Exactly transcribe the span of lines from the one containing "Heart Adds Additional" through the final line of the entries, inclusive, and nothing outside it. Exclude the pictures.

The input:
──────
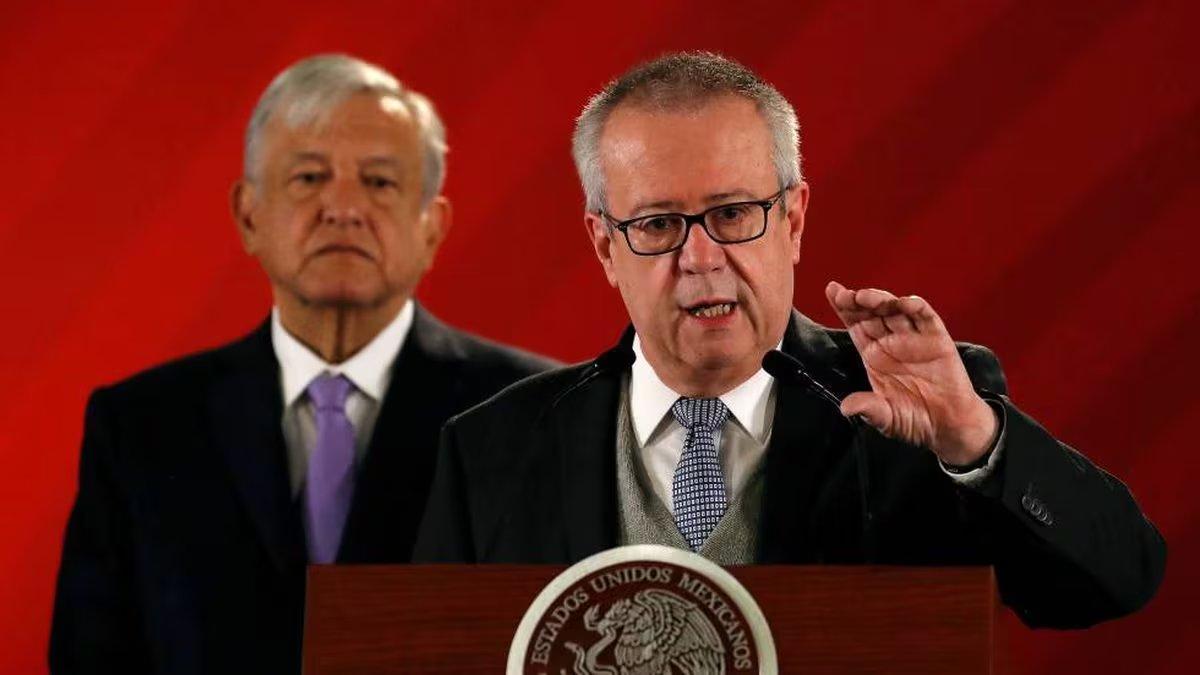 Carlos Urzúa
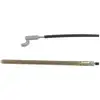 Image de Câble D'Embrayage Mtd 746-0694 - 7460694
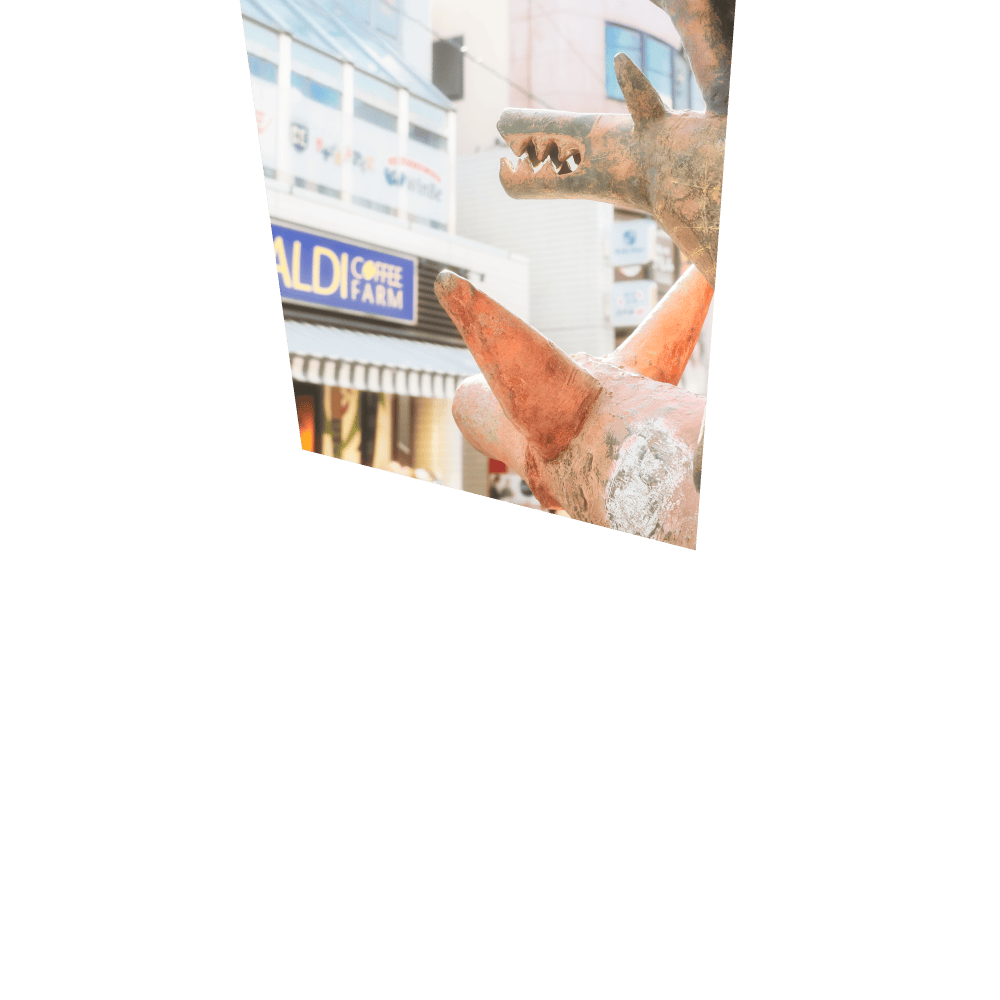 暮らしの中心がここにある。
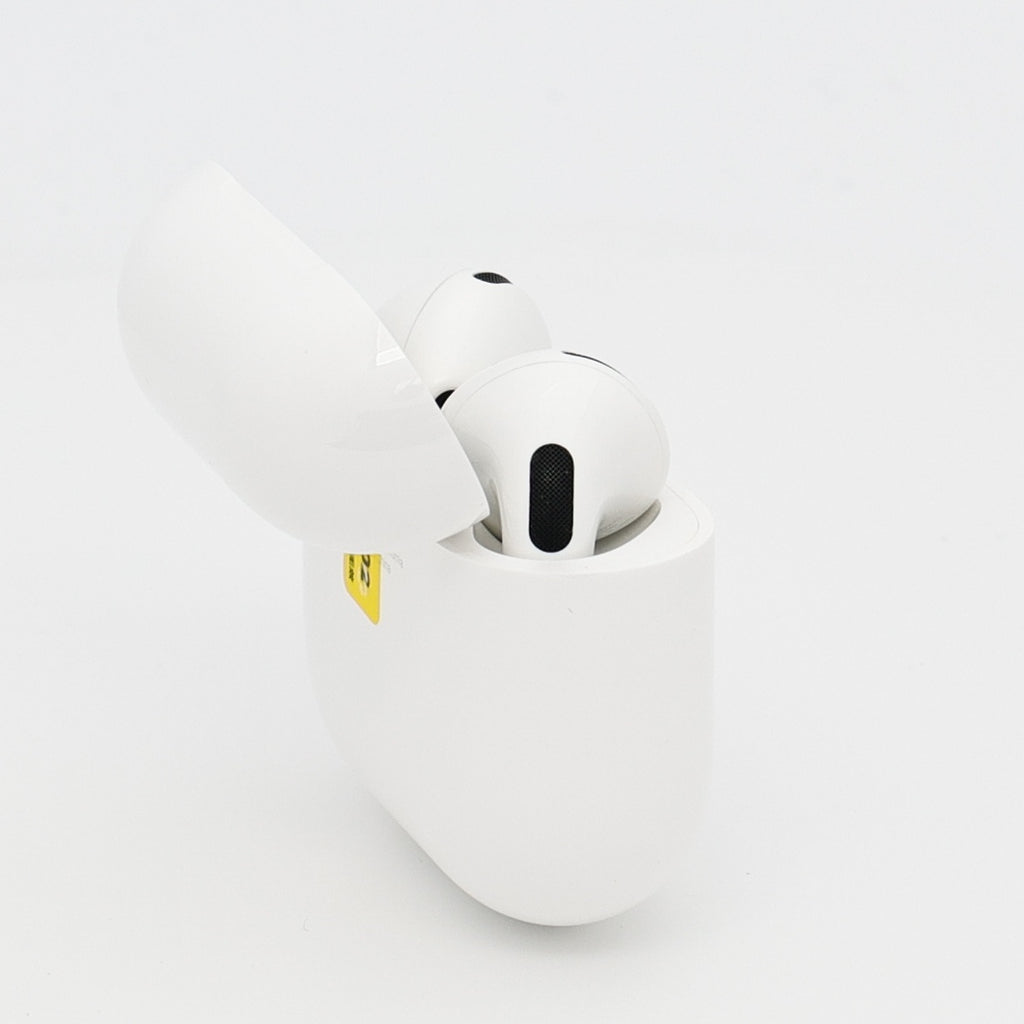 99新 Apple AirPods 4 (支持主動降噪) 白色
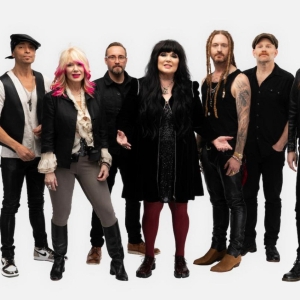 Heart Adds Additional North American Tour Dates for 2025 Photo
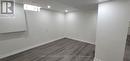 Basement - 1132 Thimbleberry Circle, Oshawa, ON 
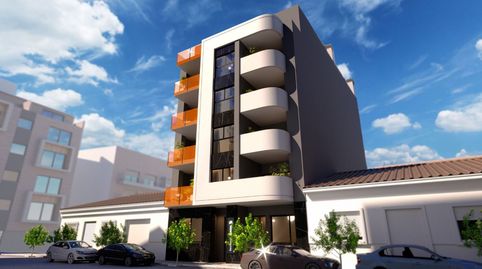 APARTAMENTOS MODERNOS DE 2 DORMITORIOS, 2 BAÑOS Y TERRAZA A 200m DE LA PLAYA EN TORREVIEJA ORIHUELA COSTA  ALICANTE  COSTA BLANCA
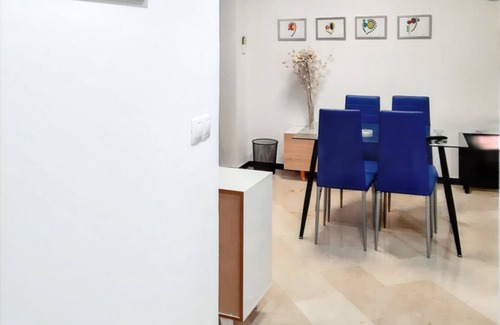 Merida Old Town Appartement | Homerez - Appartement à Mérida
──────
Written solution:
 Heart Adds Additional North American Tour Dates for 2025 Photo
 Basement - 1132 Thimbleberry Circle, Oshawa, ON 
 APARTAMENTOS MODERNOS DE 2 DORMITORIOS, 2 BAÑOS Y TERRAZA A 200m DE LA PLAYA EN TORREVIEJA ORIHUELA COSTA  ALICANTE  COSTA BLANCA
 Merida Old Town Appartement | Homerez - Appartement à Mérida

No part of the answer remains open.